Some of the issues addressed in the will kit are:

Guardianship

Making sure that your minor children have the correct people to take care of them if you should die before they reach adulthood is very important. To choose the best guardian you should consider;

  • Similarities in lifestyle, parenting style, religion, and values – they should be a close fit to yours
  • How they bond with your children
  • The nominees’ view on children (if they want to have children or not) to make sure you don’t disrupt their future life plans
  • Physical, emotional and financial capability of the nominee
  • How the transition will be conducted in terms of location and lifestyle changes for the children

Write down your wishes for how you would like the children taken care of including details about education, access to money etc. These details can be kept together with the will for guardians to access.

Assets

Make a list of all assets you own with their respective estimated value and also indicate if they have loans or mortgages attached to them. You must also know the whereabouts of property titles and deeds to make it easier for authenticity and distribution.

Cherished assets

These are assets that may be of less monetary value but great emotional, intrinsic, or personal value, and are sometimes overlooked. If you want to hand down a family heirloom or other symbolic assets you will need to make a declaration in the will.

The executor

An executor’s role is one of the most important steps in having your will administered and therefore means that you must be careful when picking an executor. You must do due diligence to understand the role the executor plays and inform them as well before you name them as executors of your will. Whether an individual or institution, they must be willing to spend a considerable amount of time in this role and be responsible enough to carry out intended duties. A beneficially may be a good candidate because they have motivation to see the process through. However, do not have a family member or beneficially named as executor if it may cause conflict between them and other members of the family.

Beneficiaries

Beneficiaries can be anyone you wish to bequeath a part of your assets to.  They can be friends, family, colleagues or charities. To be fair and just you may divide the property or estate as residuary – meaning whatever remains after payment of debts and funeral expenses. Beneficially shares after repayment are expressed as a percentage of the residuary.

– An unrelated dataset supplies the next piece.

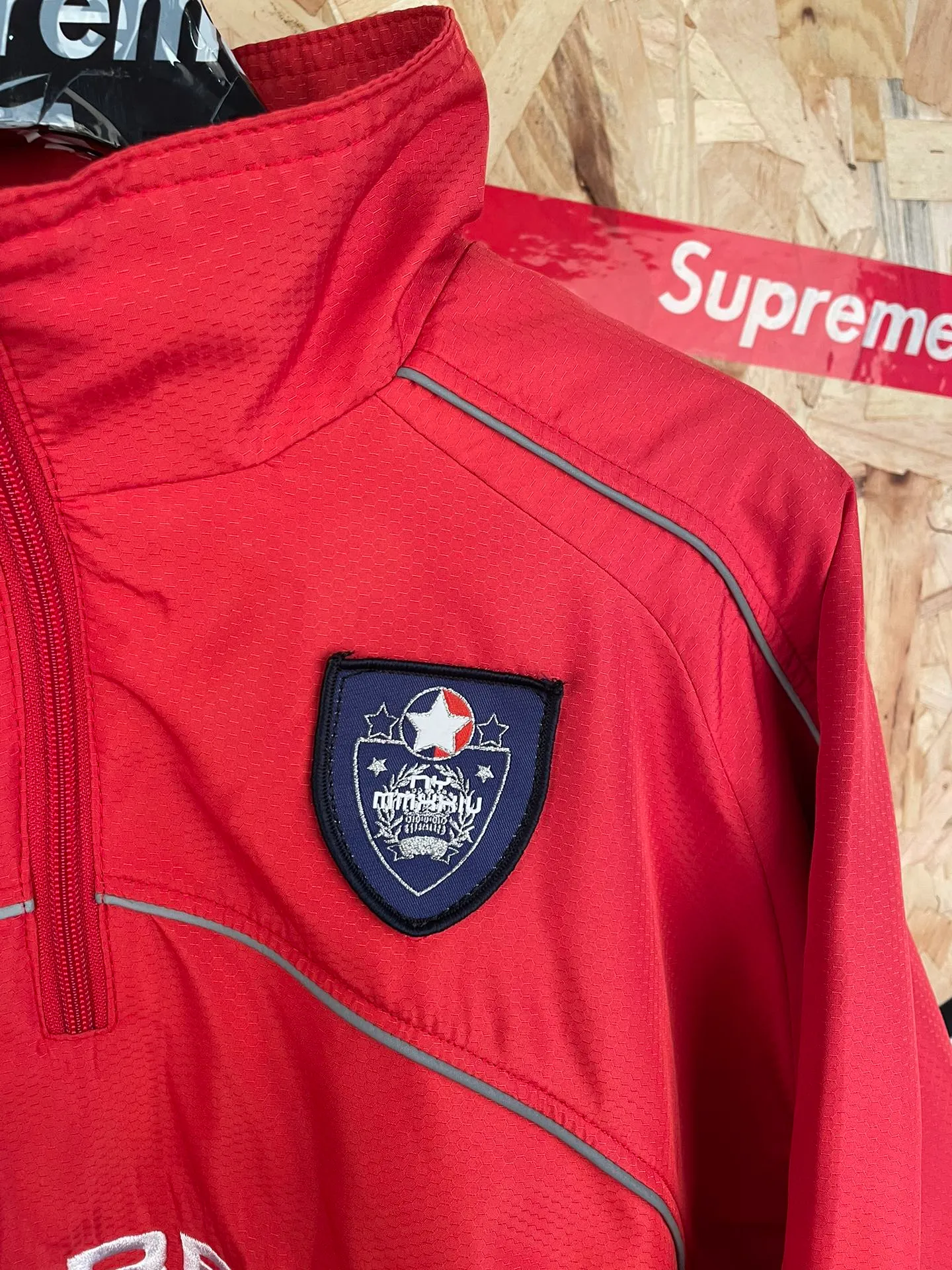 Style number: 8104 Supreme embroidered reflective pullover jacket, embroidery + reflective, three colors, size: S M L XL Color: Red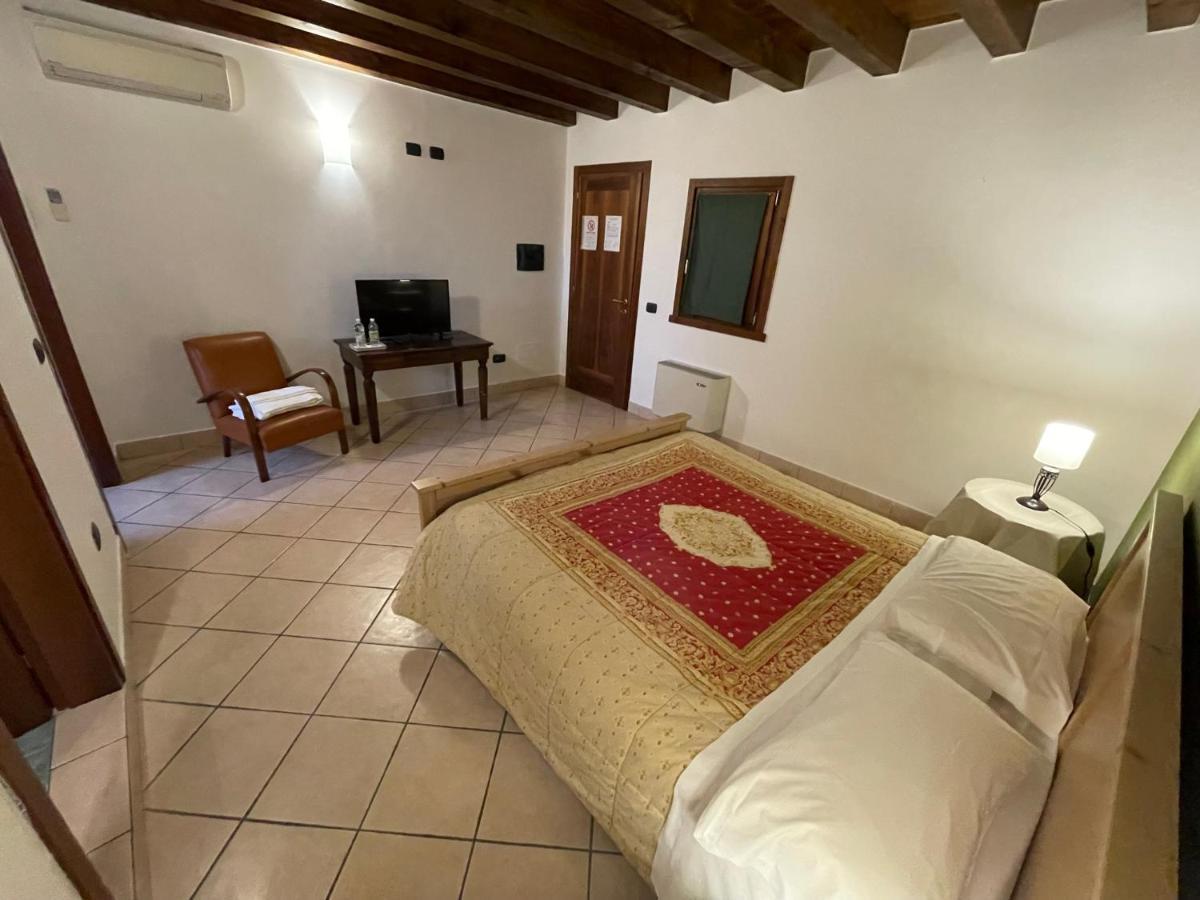 Agriturismo Corte Spino Nogarole Rocca Exterior photo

Beneficiaries below legal age can have their shares held in trust or entrusted to an adult until they are of age. Sometimes you can have their inheritance held by state or trust until a desired age that you pick for your own reasons.

Charities

As a testator you have the right to give a portion of your estate to a charity of your choice as a gesture to acknowledge their work or as a gesture of gratitude for assisting in some way. If you intend to leave money or estate to a charity, be sure to clearly indicate which one and its location and the department in cases where the institution is big. If you have been donating to the charity, bring relevant documents to be kept together with the will to simplify execution.

Complex situations

There are so many complexities that may arise but it is important to try and tackle every possible complexity. For example;

  • Providing for a special needs beneficiary
  • Excluding somebody who is expecting to be in the will
  • Being a company owner
  • Handling a superannuation fund
  • Family complexities like divorce and remarriage, birth of a child who has not lived with you or whom your other family members do not know about, adoption etc.

These circumstances must be addressed in the will and regularly updated when a life event happens. Use concise terms to avoid having different people trying to interpret the will to fit their own needs.

Power of Attorney

Do not forget to appoint someone trustworthy to make decisions on your behalf if you are incapacitated.

Funeral instructions

Although the will is executed after burial, making sure your executor or lawyer is aware of the inclusion in the will of funeral instructions helps you have your desired type of burial. You can put the instructions in the will or attach them to the will. Your loved ones will rest easy knowing that they gave you the funeral you wanted.

Accountant details

Your accountant or financial planner will be needed to give account details after your demise. To save family and friends the trouble, include their contact information in the will.

 

Taking care of your loved ones after your death comes down to having a good and legally valid will, that protects them and at the same time protects the assets. The above pointers will help you come up with a way to ensure everyone is well taken care of and your wishes are clearly understood.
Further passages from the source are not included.